Looking at a colour-wheel-emotion (http://davidmcgettigan.ie/wp-content/uploads/2014/10/colour-wheel-emotion.jpg), I have realised that I also used Playshops as a way to bring my positive emotions in deeper and more shade colours, that is, to hold and enjoy them more. Base on my experience working with autism and the colour-wheel-emotion, I will try to clarify the main point in this text.
While I was in London, I was working with two guys with autism. Although they could do many things by themselves, their particular behaviour fell in the Autistic condition. Pointing out some notes that I took in a Chris Barson´s course, Autism is considered a Sensory Processing Disorder that makes people´s brain process sensory information in a confused way (Zacheri, 2009). Because people with autism have different levels of cognitive ability and needs, there was established an Autism spectrum, which has two edges: hyper and hypo. The first edge represents individuals who are too sensible to stimuli such as light, smells, or sounds. For them, a snapping can sound like a hammer hitting a wall, and tobacco smog can act as a very dense gas that could suffocate. Meanwhile, the second edge represents individuals with low sensibility to that kind of stimuli. For them, hitting themselves is a
the way they use to feel something, or touching things frequently allows them to perceive better what they are seeing.

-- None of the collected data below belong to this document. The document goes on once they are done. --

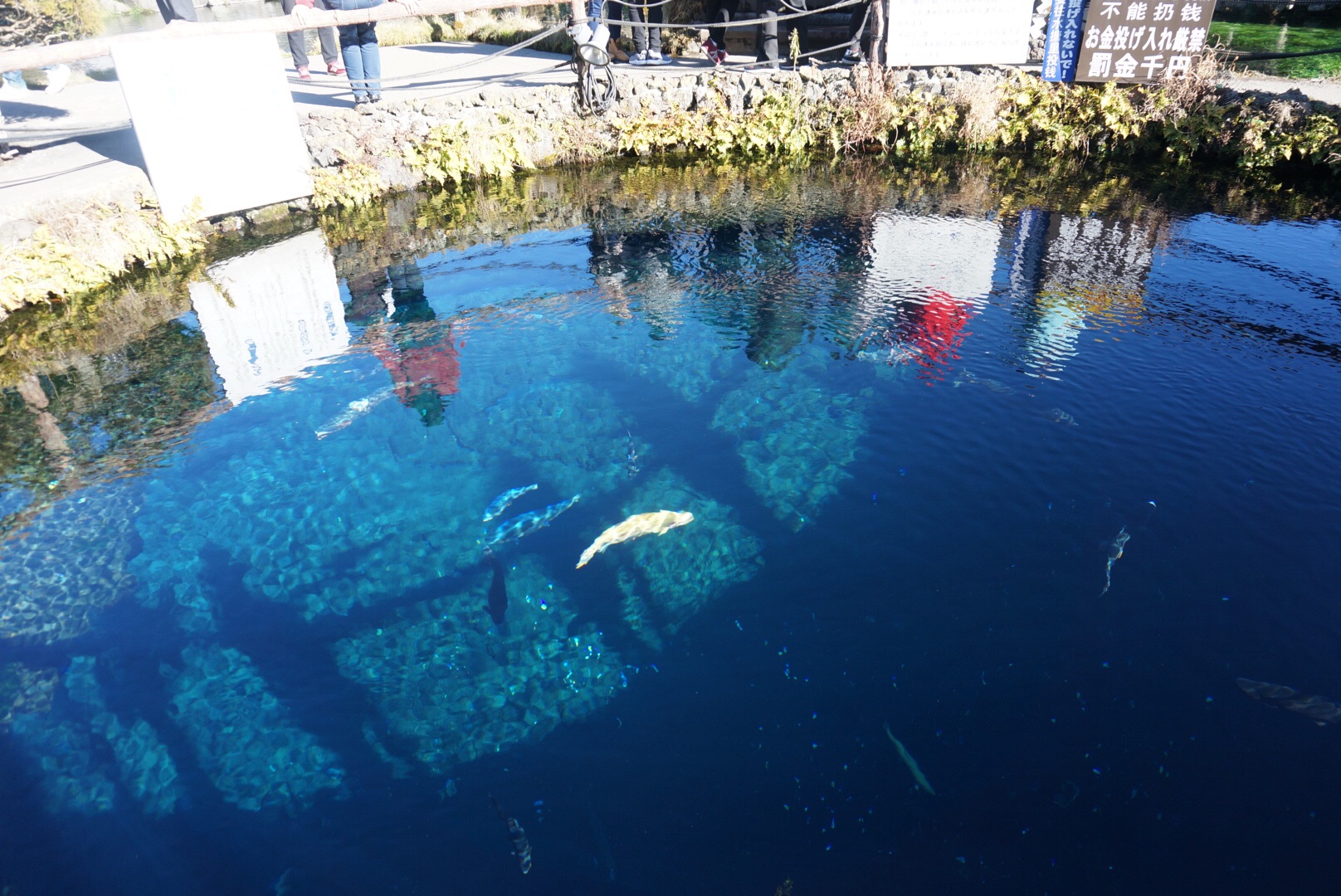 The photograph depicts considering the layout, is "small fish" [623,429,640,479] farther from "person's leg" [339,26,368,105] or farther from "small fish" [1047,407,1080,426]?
"person's leg" [339,26,368,105]

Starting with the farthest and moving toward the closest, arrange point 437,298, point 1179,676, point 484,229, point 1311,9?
point 1311,9
point 484,229
point 437,298
point 1179,676

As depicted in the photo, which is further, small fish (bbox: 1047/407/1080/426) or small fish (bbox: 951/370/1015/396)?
small fish (bbox: 951/370/1015/396)

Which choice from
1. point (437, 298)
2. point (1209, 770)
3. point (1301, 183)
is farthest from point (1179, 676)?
point (1301, 183)

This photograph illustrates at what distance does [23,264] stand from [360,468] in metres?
4.83

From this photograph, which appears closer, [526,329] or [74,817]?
[74,817]

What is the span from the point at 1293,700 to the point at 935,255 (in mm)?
5644

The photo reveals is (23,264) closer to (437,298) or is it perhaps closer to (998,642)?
(437,298)

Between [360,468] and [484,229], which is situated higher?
[484,229]

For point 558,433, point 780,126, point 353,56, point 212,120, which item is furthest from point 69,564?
point 780,126

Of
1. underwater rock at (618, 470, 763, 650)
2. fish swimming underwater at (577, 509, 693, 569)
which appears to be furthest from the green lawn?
fish swimming underwater at (577, 509, 693, 569)

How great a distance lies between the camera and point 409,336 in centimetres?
720

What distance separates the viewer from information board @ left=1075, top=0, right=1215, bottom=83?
1096 cm

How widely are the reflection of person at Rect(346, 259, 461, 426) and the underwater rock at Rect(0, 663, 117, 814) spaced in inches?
107

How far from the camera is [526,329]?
7.31 meters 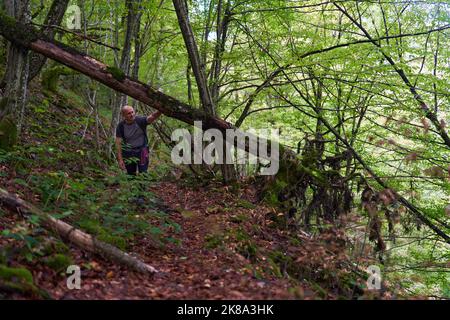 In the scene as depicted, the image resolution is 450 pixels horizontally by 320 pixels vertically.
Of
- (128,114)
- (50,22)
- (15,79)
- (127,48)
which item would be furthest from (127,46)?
(15,79)

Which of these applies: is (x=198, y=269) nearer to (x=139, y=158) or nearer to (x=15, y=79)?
(x=139, y=158)

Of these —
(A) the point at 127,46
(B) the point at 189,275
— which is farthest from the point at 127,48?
(B) the point at 189,275

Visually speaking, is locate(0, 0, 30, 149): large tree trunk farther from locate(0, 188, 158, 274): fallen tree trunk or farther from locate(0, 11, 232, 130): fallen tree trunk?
locate(0, 188, 158, 274): fallen tree trunk

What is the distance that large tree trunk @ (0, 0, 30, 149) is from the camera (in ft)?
22.1

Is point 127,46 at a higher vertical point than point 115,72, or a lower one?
higher

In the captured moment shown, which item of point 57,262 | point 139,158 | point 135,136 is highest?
point 135,136

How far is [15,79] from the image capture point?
698 centimetres

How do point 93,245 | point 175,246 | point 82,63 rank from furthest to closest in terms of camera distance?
point 82,63 < point 175,246 < point 93,245

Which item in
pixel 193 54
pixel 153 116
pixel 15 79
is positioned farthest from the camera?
pixel 193 54

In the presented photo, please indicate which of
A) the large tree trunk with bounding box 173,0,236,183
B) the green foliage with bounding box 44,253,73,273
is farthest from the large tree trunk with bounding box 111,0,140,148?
the green foliage with bounding box 44,253,73,273

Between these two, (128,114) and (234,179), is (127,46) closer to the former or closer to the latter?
(128,114)

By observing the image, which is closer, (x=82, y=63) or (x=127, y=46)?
(x=82, y=63)

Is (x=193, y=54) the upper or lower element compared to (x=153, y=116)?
upper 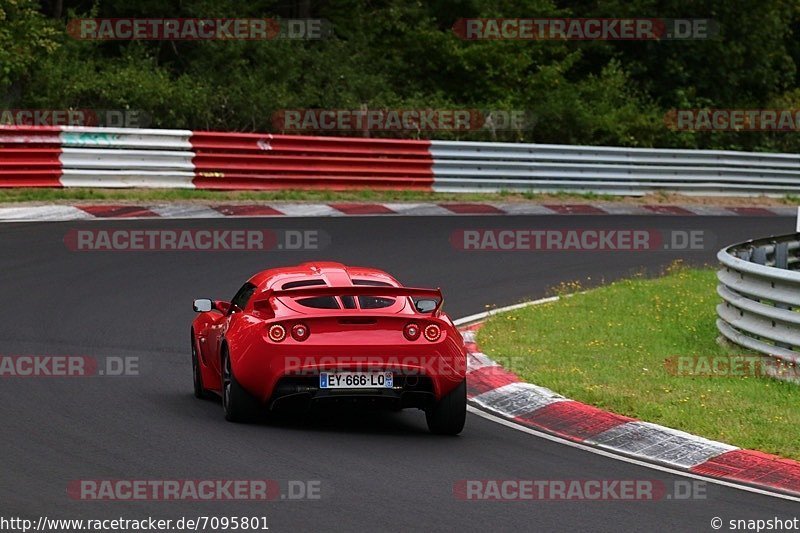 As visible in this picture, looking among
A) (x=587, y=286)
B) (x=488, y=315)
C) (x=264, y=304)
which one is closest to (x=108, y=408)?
(x=264, y=304)

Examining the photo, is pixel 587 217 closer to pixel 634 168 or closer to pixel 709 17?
pixel 634 168

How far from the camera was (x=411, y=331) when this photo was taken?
397 inches

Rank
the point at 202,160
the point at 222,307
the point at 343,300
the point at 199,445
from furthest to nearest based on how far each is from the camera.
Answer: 1. the point at 202,160
2. the point at 222,307
3. the point at 343,300
4. the point at 199,445

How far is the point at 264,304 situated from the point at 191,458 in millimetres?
1603

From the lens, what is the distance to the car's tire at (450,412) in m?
10.2

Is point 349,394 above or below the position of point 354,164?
below

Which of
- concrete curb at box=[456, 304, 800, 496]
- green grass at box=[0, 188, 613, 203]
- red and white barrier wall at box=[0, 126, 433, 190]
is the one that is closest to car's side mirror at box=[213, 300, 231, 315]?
concrete curb at box=[456, 304, 800, 496]

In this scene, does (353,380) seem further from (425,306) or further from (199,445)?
(199,445)

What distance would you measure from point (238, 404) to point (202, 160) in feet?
47.4

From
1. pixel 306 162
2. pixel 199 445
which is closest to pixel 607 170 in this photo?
pixel 306 162

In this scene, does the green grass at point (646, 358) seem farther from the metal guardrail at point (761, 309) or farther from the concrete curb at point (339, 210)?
the concrete curb at point (339, 210)

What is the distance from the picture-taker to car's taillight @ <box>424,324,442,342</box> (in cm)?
1009

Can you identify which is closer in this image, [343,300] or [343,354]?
[343,354]

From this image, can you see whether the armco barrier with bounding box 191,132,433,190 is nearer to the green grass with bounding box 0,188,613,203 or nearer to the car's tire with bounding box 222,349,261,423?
the green grass with bounding box 0,188,613,203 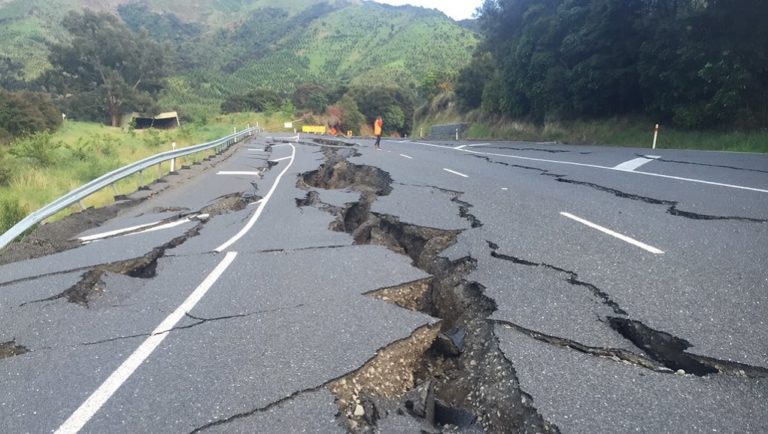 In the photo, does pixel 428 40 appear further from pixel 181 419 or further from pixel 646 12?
pixel 181 419

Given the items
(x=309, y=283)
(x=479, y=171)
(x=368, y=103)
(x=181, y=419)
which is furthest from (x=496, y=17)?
(x=368, y=103)

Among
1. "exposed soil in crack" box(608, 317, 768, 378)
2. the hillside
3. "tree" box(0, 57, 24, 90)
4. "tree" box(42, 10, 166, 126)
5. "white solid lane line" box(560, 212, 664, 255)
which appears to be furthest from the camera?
the hillside

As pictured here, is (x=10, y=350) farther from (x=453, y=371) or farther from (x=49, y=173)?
(x=49, y=173)

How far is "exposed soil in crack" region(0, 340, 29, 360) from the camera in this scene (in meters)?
3.84

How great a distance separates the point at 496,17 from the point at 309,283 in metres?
34.8

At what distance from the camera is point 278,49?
160250 millimetres

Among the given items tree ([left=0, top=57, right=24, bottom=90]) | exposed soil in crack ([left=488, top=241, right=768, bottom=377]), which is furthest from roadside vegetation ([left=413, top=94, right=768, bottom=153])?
tree ([left=0, top=57, right=24, bottom=90])

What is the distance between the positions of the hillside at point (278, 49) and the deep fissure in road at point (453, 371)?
7870 centimetres

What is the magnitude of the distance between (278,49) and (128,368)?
556ft

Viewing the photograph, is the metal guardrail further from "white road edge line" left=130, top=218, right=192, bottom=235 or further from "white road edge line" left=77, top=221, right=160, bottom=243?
"white road edge line" left=130, top=218, right=192, bottom=235

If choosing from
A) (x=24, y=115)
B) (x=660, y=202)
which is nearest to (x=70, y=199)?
(x=660, y=202)

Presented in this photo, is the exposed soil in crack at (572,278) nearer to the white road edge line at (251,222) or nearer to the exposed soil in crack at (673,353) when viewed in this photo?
the exposed soil in crack at (673,353)

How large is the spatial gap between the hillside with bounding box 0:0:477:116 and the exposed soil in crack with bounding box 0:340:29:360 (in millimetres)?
78785

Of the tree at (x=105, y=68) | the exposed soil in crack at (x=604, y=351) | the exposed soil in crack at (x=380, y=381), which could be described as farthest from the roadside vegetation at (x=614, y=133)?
the tree at (x=105, y=68) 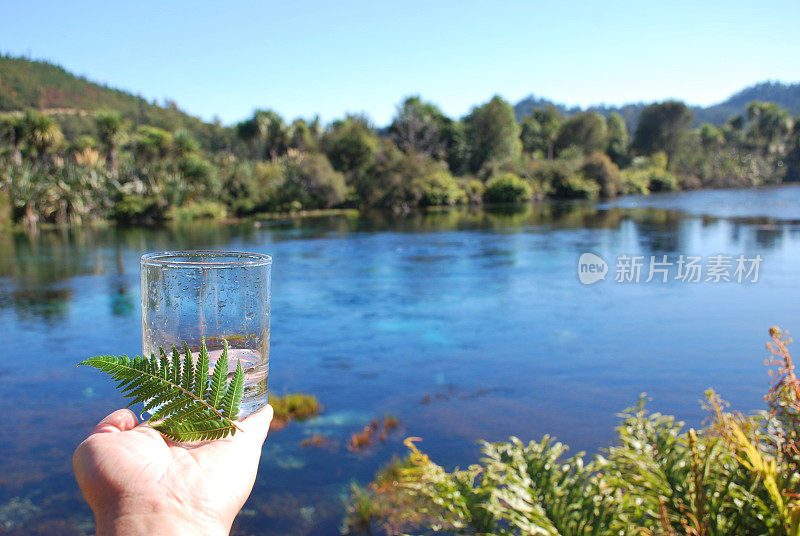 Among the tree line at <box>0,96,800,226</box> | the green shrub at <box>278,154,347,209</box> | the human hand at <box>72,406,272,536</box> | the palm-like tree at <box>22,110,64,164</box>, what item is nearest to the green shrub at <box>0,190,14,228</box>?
the tree line at <box>0,96,800,226</box>

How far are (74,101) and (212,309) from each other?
105 metres

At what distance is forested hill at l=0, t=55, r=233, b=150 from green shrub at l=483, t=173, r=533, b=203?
1659 inches

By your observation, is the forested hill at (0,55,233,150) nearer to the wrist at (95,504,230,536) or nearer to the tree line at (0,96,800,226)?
the tree line at (0,96,800,226)

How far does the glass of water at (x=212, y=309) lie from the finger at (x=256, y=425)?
0.01 m

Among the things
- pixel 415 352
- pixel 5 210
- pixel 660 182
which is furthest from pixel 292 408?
pixel 660 182

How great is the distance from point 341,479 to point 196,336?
446 cm

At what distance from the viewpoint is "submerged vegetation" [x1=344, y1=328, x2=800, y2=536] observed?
227cm

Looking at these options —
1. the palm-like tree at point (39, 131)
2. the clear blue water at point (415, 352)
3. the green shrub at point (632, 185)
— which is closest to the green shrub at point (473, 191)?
the green shrub at point (632, 185)

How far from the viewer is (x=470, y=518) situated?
2.82 m

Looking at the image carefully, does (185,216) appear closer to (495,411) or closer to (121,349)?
(121,349)

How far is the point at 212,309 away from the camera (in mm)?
1188

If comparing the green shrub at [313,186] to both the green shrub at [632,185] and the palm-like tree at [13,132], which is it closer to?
the palm-like tree at [13,132]

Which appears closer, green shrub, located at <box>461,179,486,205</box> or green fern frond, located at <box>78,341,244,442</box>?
green fern frond, located at <box>78,341,244,442</box>

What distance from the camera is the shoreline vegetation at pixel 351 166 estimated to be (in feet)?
113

In my view, the experts in this issue have created those categories and developed concepts based on their own experience, that is, they reflect what happen to themselves into the other, even the first are average people. Therefore, being hyper- or hypo-sensible could be used to describe people who have not the Autistic condition. In my case, I feel that I am hypo-sensible, and I have difficulties at feeling my own mood in happy situations, unless they are really intense. So, I do not create empathy in social situations easily or share a collective feeling of happiness in a nice moment. Perhaps, in my case, my physiological or psychological process are different from people with autism. Still, sometimes both would look as we were mentally unconnected in the eyes of others. Even if we want to integrate ourselves in the social situation, our lack of skills to continue the game of empathy with others is difficult.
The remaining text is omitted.